#### ENTRIES PROVIDED
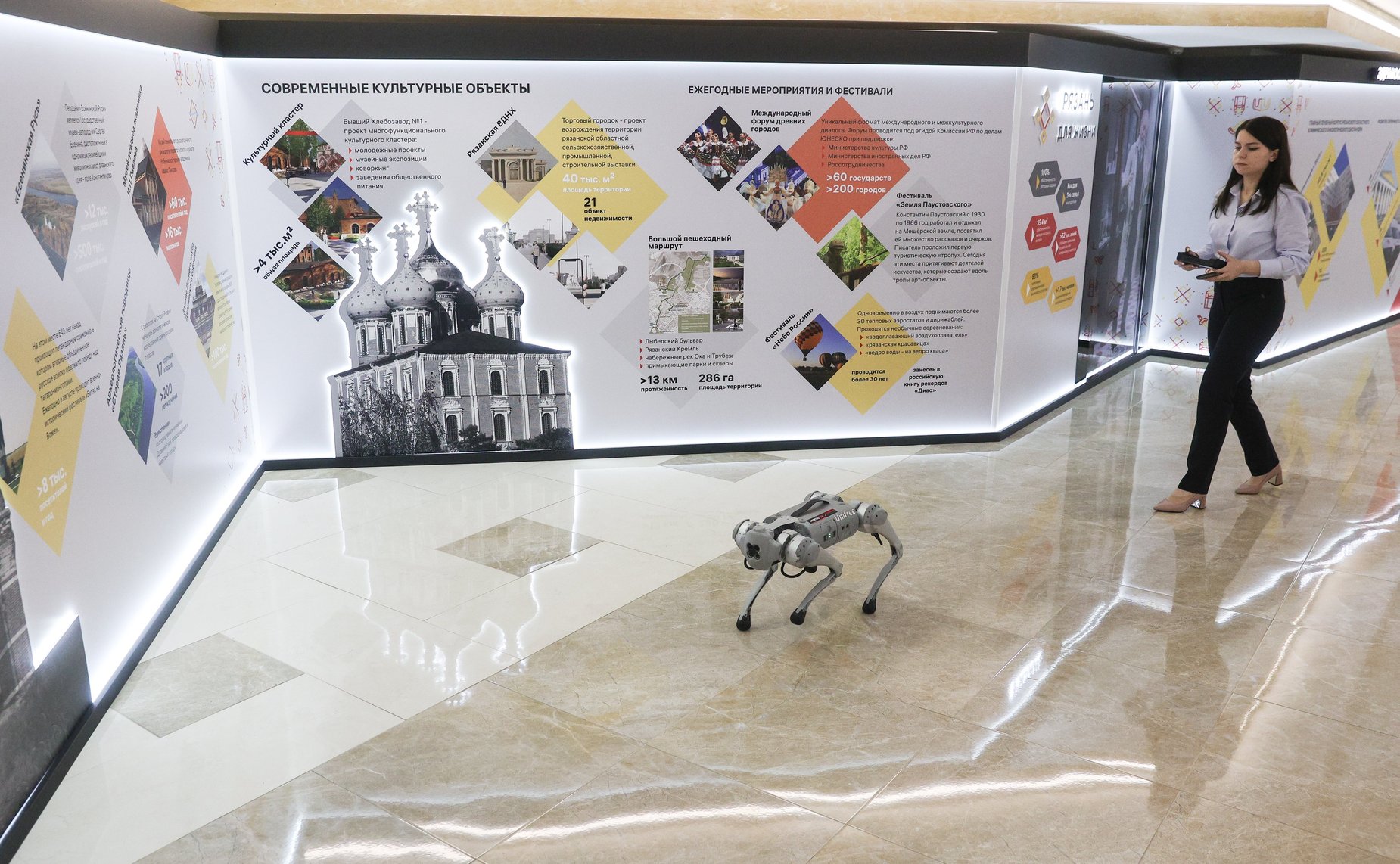 Валентина Матвиенко и Павел Малков осмотрели выставку, посвященную истории и перспективам развития Рязанской области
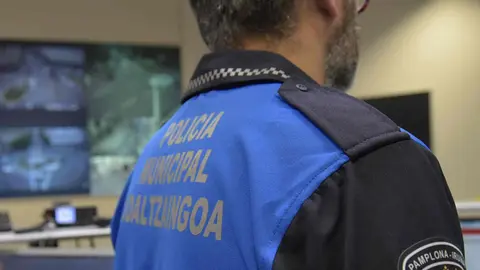 Un agente de la Polic&iacute;a Municipal de Pamplona. POLIC&Iacute;A MUNICIPAL DE PAMPLONA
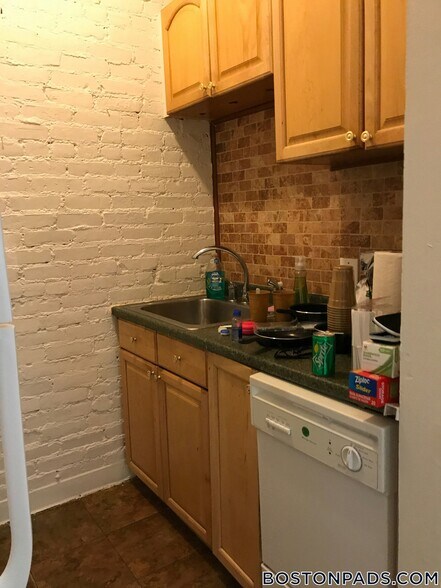 Building Photo - 896 Huntington Ave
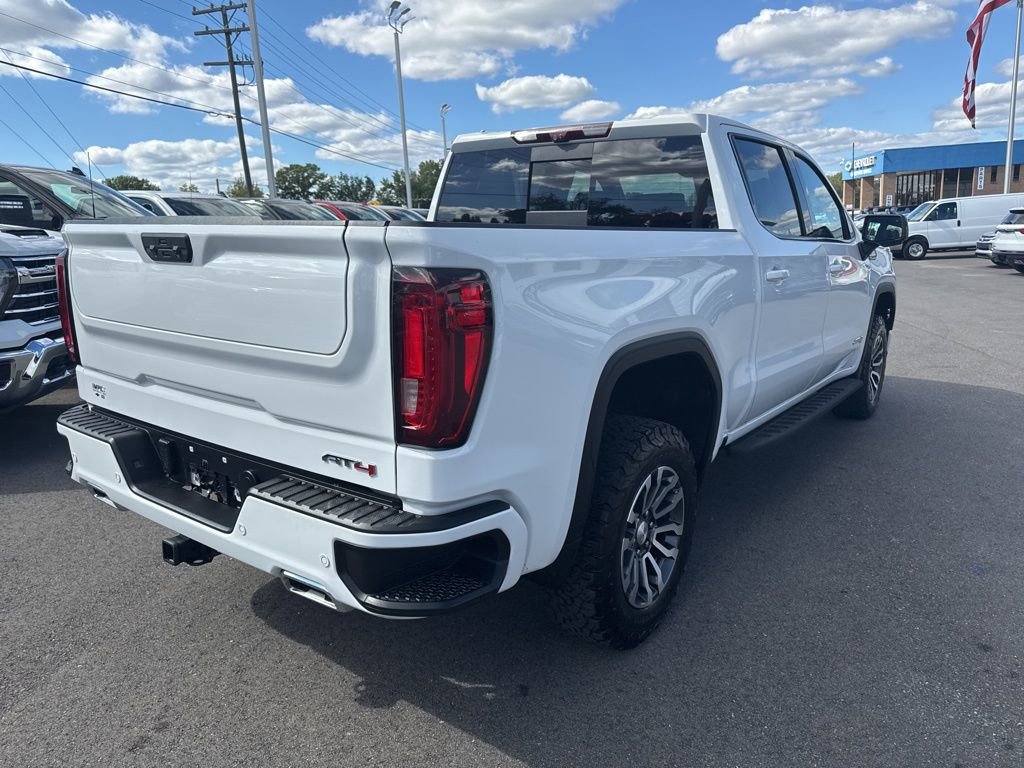 Used 2023 GMC Sierra 1500 AT4 w/ AT4 Premium Package image 5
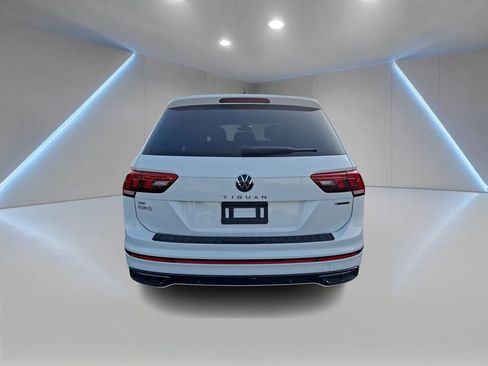 Used 2024 Volkswagen Tiguan SE R-Line AWD/4WD image 5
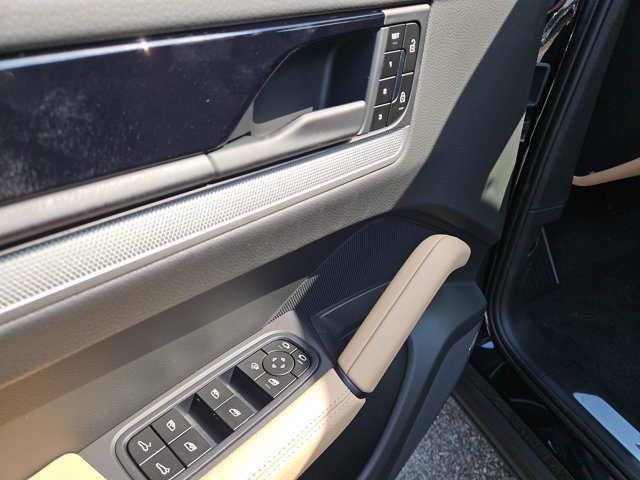 New 2026 Porsche Cayenne AWD/4WD image 27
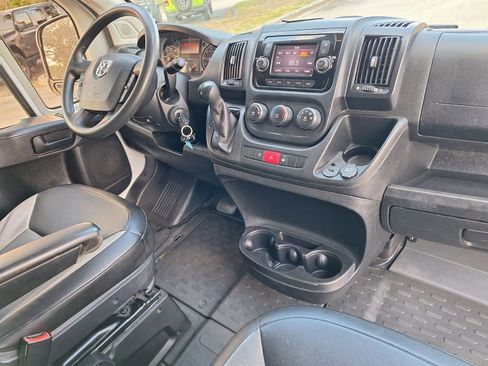 Used 2021 RAM ProMaster 2500 image 27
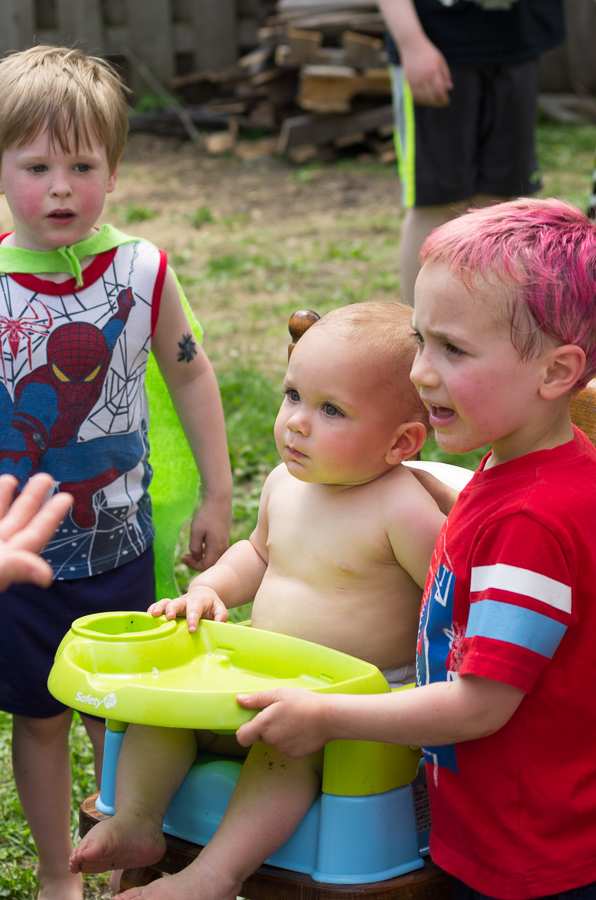 Evan makes sure that Arthur is ready to receive the cupcake...<br />May 25, 2014@13:16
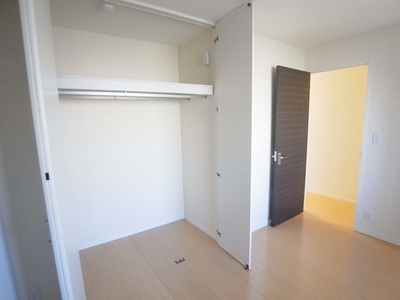 Living and room. In Western-style to become a bedroom, There is housed a large amount of closet.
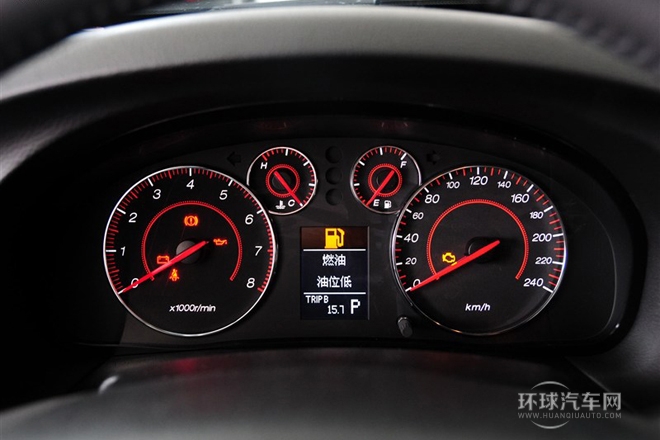 2013款 1.8T 自動(dòng)精英版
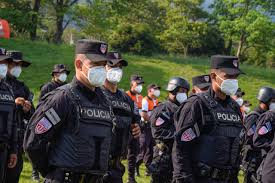 Fuentes policiales han informado sobre un ataque de pandilleros contra civiles que iban de celebrar un partido de fútbol en el. Agentes De La Pnc Tendran Un Nuevo Aumento Salarial En 2021 Diario El Salvador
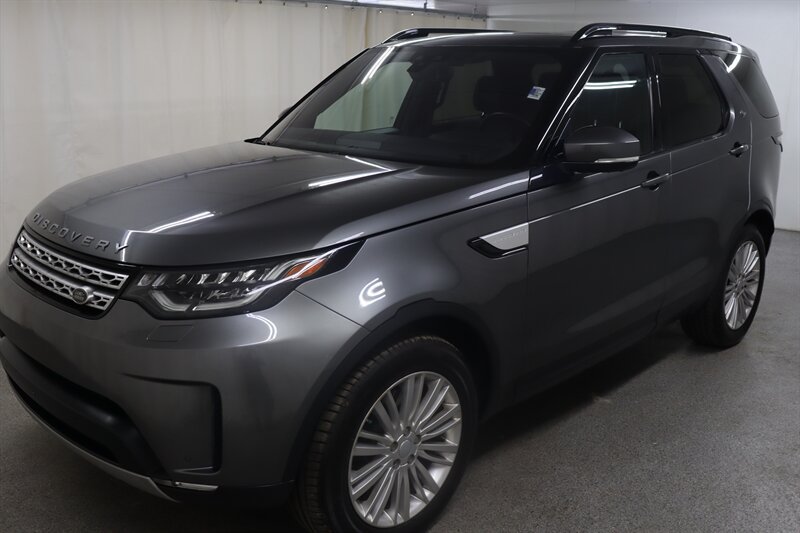 Used 2017 Land Rover Discovery HSE AWD/4WD image 3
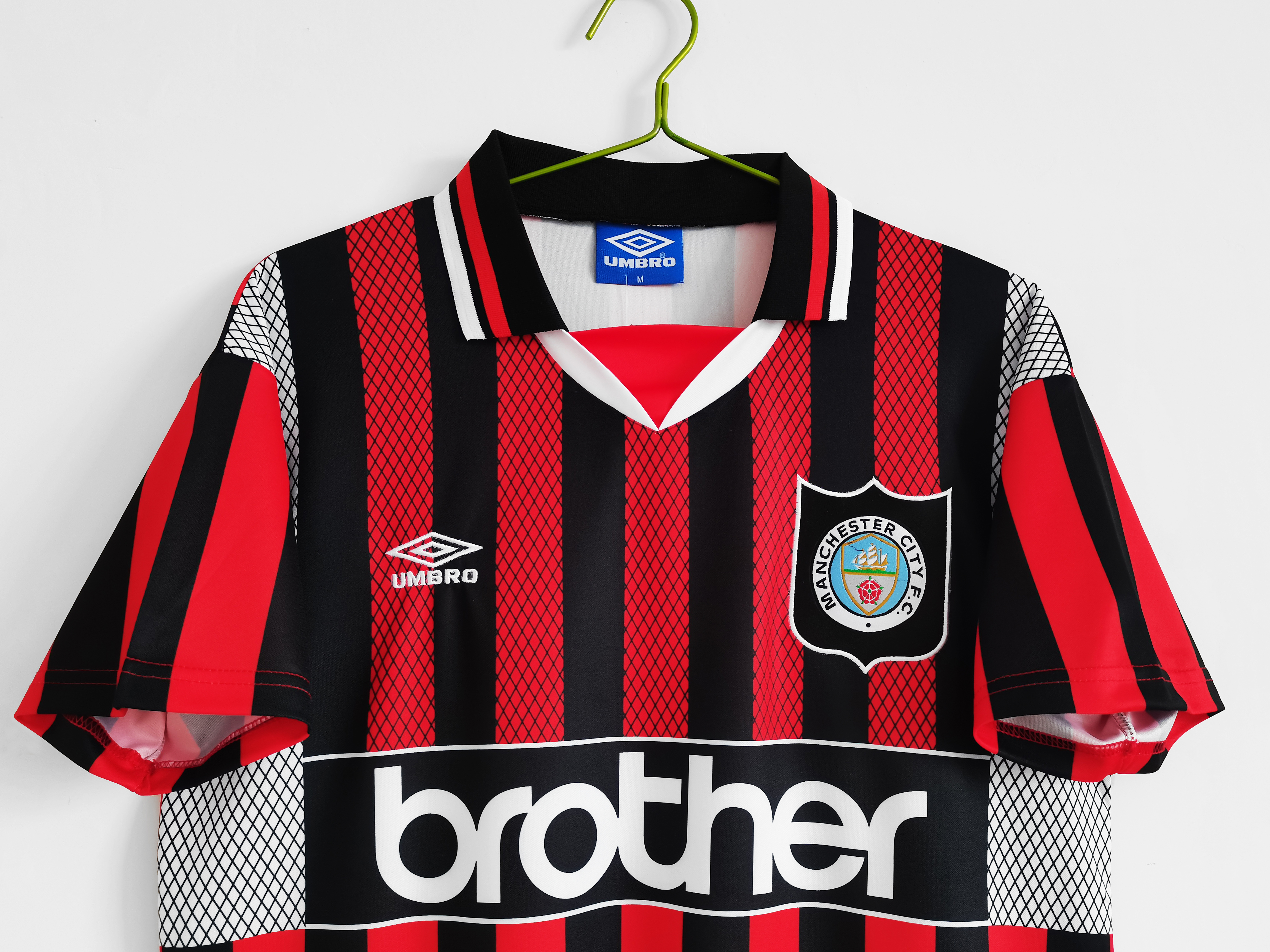 1994/96 season Manchester City away retro jersey - fans edition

#### EXERCISE DETAILS
Omitting the pictures, write out the material above exactly as it stands.

#### TASK OUTPUT
 Валентина Матвиенко и Павел Малков осмотрели выставку, посвященную истории и перспективам развития Рязанской области
 Un agente de la Polic&iacute;a Municipal de Pamplona. POLIC&Iacute;A MUNICIPAL DE PAMPLONA
 Building Photo - 896 Huntington Ave
 Used 2023 GMC Sierra 1500 AT4 w/ AT4 Premium Package image 5
 Used 2024 Volkswagen Tiguan SE R-Line AWD/4WD image 5
 New 2026 Porsche Cayenne AWD/4WD image 27
 Used 2021 RAM ProMaster 2500 image 27
 Evan makes sure that Arthur is ready to receive the cupcake...<br />May 25, 2014@13:16
 Living and room. In Western-style to become a bedroom, There is housed a large amount of closet.
 2013款 1.8T 自動(dòng)精英版
 Fuentes policiales han informado sobre un ataque de pandilleros contra civiles que iban de celebrar un partido de fútbol en el. Agentes De La Pnc Tendran Un Nuevo Aumento Salarial En 2021 Diario El Salvador
 Used 2017 Land Rover Discovery HSE AWD/4WD image 3
 1994/96 season Manchester City away retro jersey - fans edition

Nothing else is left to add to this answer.